Does that necessarily make you a better decision-maker? I don’t think the answer is to ask players what they see and then get them to reflect on that. The reality is that many players don’t know what they’re seeing at the moment. Therefore they don’t really know why they made a decision. In reality, when we ask them to recall what they saw and then did, it’s not that accurate. They might even say what they think we want to hear.
I think we just get better at asking players what they see or might have been able to see and then try to guide them towards that. If anything, the only real positive of asking players what they see more is just creating a greater connection with that player. There is a deeper level of empathy for the experience they’re having at the moment. We’re not learning how to guide them to be better scanners.
IS SCANNING THE BEST WORD?
When doing my research, I talked to a former Special Forces Chief Instructor; in his 25 years, he had not heard of the term. Instead, their language was ‘situational awareness’. Perhaps this is a more appropriate phrase, but it stimulates more questions than answers. Are we consciously aware of the visual information we are looking for? Or is it subconscious? Or instinctive?
Think about when you make your best decisions in a game. How conscious was that thought? How deliberate was that decision, or did it just happen?
TRAINING FOR SCANNING
I believe you can recreate certain game moments to support scanning behaviour from my research. However, I’ve seen a coach standing at the back of the activity with a red cone or a green cone in the air. The players then react to the cone colour to make a decision. In my opinion, all that is teaching players to do is look for coloured cones – it doesn’t have any transfer or specificity to the game. We can recreate isolated moments where you can have conversations about what visual cues might be of significance but cones in the background… I’m not convinced.
I don’t think it’s enough to be able to say, ‘When you see this, this is the decision’. For example, if you see a player doing something that goes against what the team might be trying to do, whether you’ve got a specific structure or pattern of play you’re working towards, is their individual decision only favourable if the outcome is also positive? As a coach, will I intervene only when the outcome is negative?
What if they did see a great opportunity? A couple of months ago, I saw our number eight go and do something completely different to what we’d discussed we could do. I asked him what he saw, and he said: “well, I saw if I go around here, I create an overload.”

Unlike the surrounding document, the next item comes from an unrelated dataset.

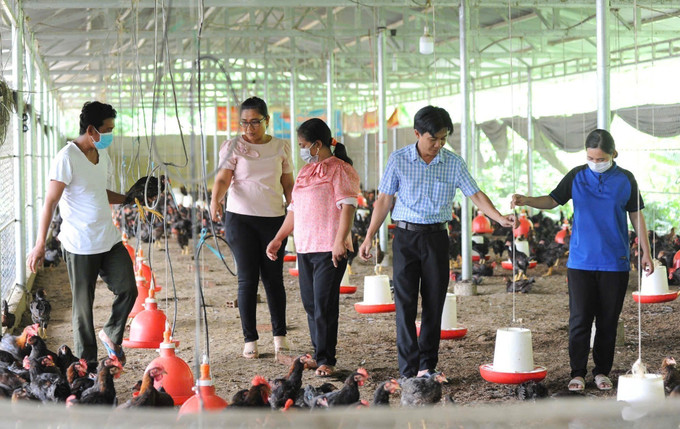 Đường nông thôn được bên tông hoá, điện lưới quốc gia kéo về tận nhà, được chính quyền hỗ trợ kỹ thuật, nhiều bà con người dân tộc Khmer trên địa bàn xã Tri Tôn (tỉnh An Giang) đã mạnh dạn đầu tư, phát triển mô hình chăn nuôi gà tập trung mang lại thu nhập ổn định. Ảnh: Công Mạo/TTXVN Đường nông thôn được bên tông hoá, điện lưới quốc gia kéo về tận nhà, được chính quyền hỗ trợ kỹ thuật, nhiều bà con người dân tộc Khmer trên địa bàn xã Tri Tôn (tỉnh An Giang) đã mạnh dạn đầu tư, phát triển mô hình chăn nuôi gà tập trung mang lại thu nhập ổn định. Ảnh: Công Mạo/TTXVN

He caught the ball and failed to execute the 3v2 he had subsequently created. Would I have intervened as a coach if he’d caught the ball, executed and scored? I’m not sure I would. I only intervened because his outcome wasn’t successful.
That’s another tricky area we have to navigate. Are we more curious about what players are scanning for only if the outcome’s harmful, and we turn a blind eye if it works out?
- It’s a myth that the more you look, the more you see, the better your decisions will be.
- Who you are will shape and guide what you look for. We can’t tell every player to look for the same information. We are too complex.
- I don’t think we’re anywhere near understanding how we might even be able to begin to coach it effectively.